The author tells the story from the time of Spanish settlement of Santa Fe through it's abandonment in the wake of the railroad. In its hay-day, the trail linked first two cultures and then the disparate parts of the western United States. The linkage was tenuous and strenuous. Traders took first pack mules then wagon trains through several hundred miles of prairie -- some of it bereft of water and all of it through Indian country.
This book mostly tells how trade bloomed along the trail from the 1820's through the 1860's. This economic detail is well fleshed out by the stories of the many characters that plied the trail or supported its existence. Interesting incidents and first person accounts are liberally strewn throughout the work and give this book its appeal -- otherwise it would be a subject as dry as the short fork to Santa Fe.

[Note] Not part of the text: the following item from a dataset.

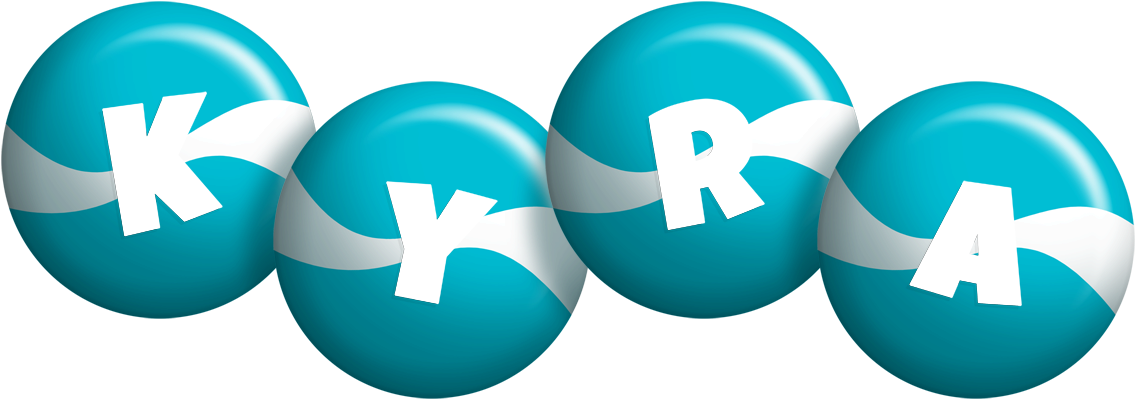 Kyra messi logo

I was left with a sense of wonder at the risks these traders and travelers took -- particularly the early ones. Around 1810 -1820, most Americans who reached Santa Fe were rounded up and jailed -- some for five to eight years. Even in the era when the vast majority of early trail blazers failed to return to Missouri, there were always new would- be entrepreneurs ready to set out the next season. Such was the spirit of pioneering Americans and the lure of riches. Even after Spain/Mexico decided to welcome Americans in trade, there remained fairly high chances of succumbing to Indians, weather, or lack of water. The incredible perseverance and relentless pursuit of this open trade route is remarkable -- particularly to a reader of our era.
Although the subject is somewhat dry -- this is a story about economics and transportation -- the author does an admirable job of using interesting characters and stories from the trail to enliven the work.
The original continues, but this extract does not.